A lo largo de sus casi cuarenta años de reinado, Don Juan Carlos ha hecho gala de un excepcional instinto político, propio de una generación que tuvo que crear un régimen ex novo partiendo de algo peor que la nada: de las estructuras dictatoriales de un sistema autoritario. Quizá la propia percepción de que sus facultades intuitivas mermaban ante la trepidante evolución social haya resultado determinante en la decisión de la retirada, que aunque deja una inevitable sensación de vértigo histórico tal vez constituya su último rasgo de lucidez. La sobria despedida de ayer en Palacio contiene, componente emocional aparte, una condición de solemnidad simbólica propia de un cuadro de época. El primer y más longevo dirigente de la Transición se ha retirado, apoyado en un bastón, tras los cortinajes de la Historia.

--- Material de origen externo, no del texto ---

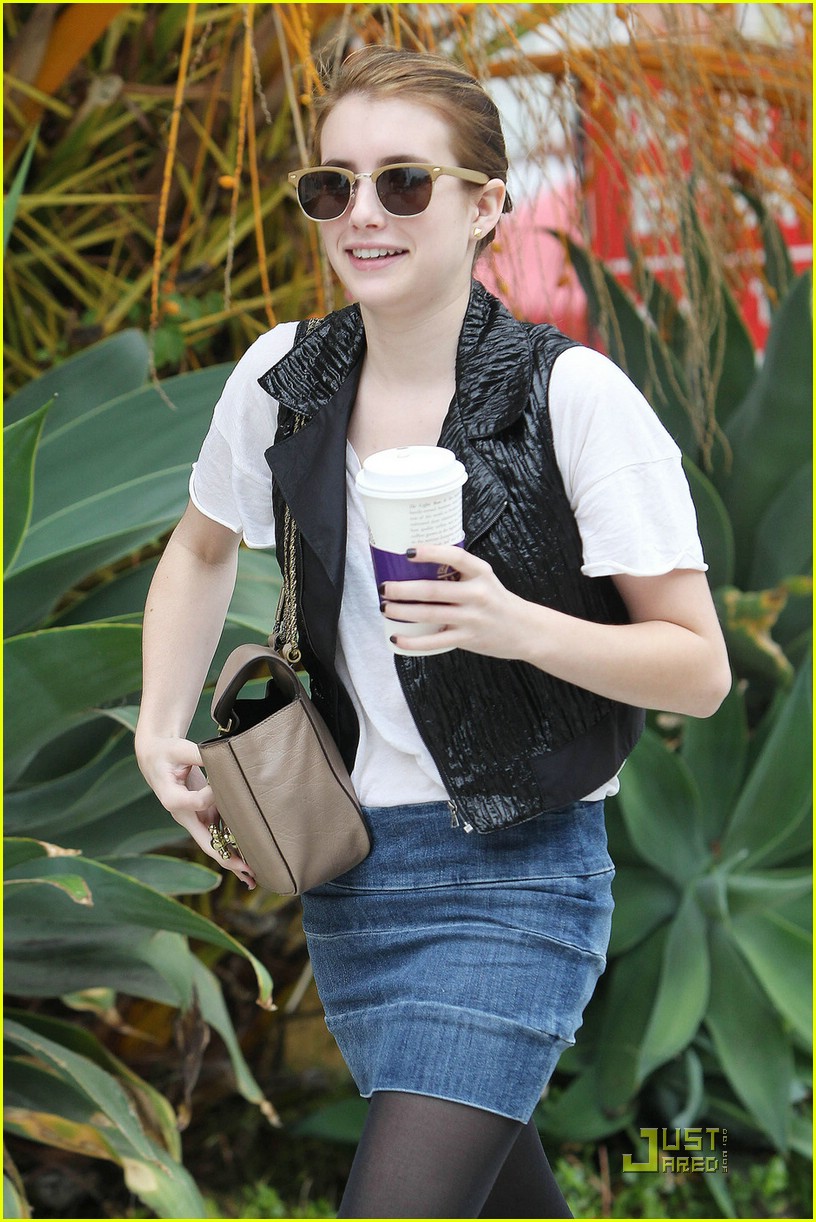 Full Sized Photo of emma roberts bev hills laugh 10 | Emma Roberts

El nuevo Rey llega elogiado hasta la desmesura por su sólida preparación para ejercer la Jefatura del Estado, una consecuencia lógica de la larga y concienzuda formación recibida. Tiene madurez intelectual, equilibrio emocional y una conciencia muy exacta de las exigencias de su papel público. Pero el instinto no se hereda: es una cuestión de nariz, de experiencia y de carácter. El de Felipe VI es bastante distinto al de su padre: más hermético, más contenido, más ordenado, quizá menos empático o más distante. Más moderno también, o más actual. El monarca saliente era un inmigrante del siglo XX en el XXI; su hijo inaugura el protagonismo generacional de una sociedad ya mentalmente acomodada en la centuria vigente. El suyo apunta a ser un reinado menos intervencionista: otra proyección, otra sensibilidad, otro estilo. Nada tiene que demostrar excepto una cosa: que está equipado para el liderazgo intangible y para el pensamiento estratégico, para moverse con lucidez y peso específico en el estrecho pero esencial margen que media entre sus escasas funciones constitucionales y su intenso ascendiente simbólico… y político.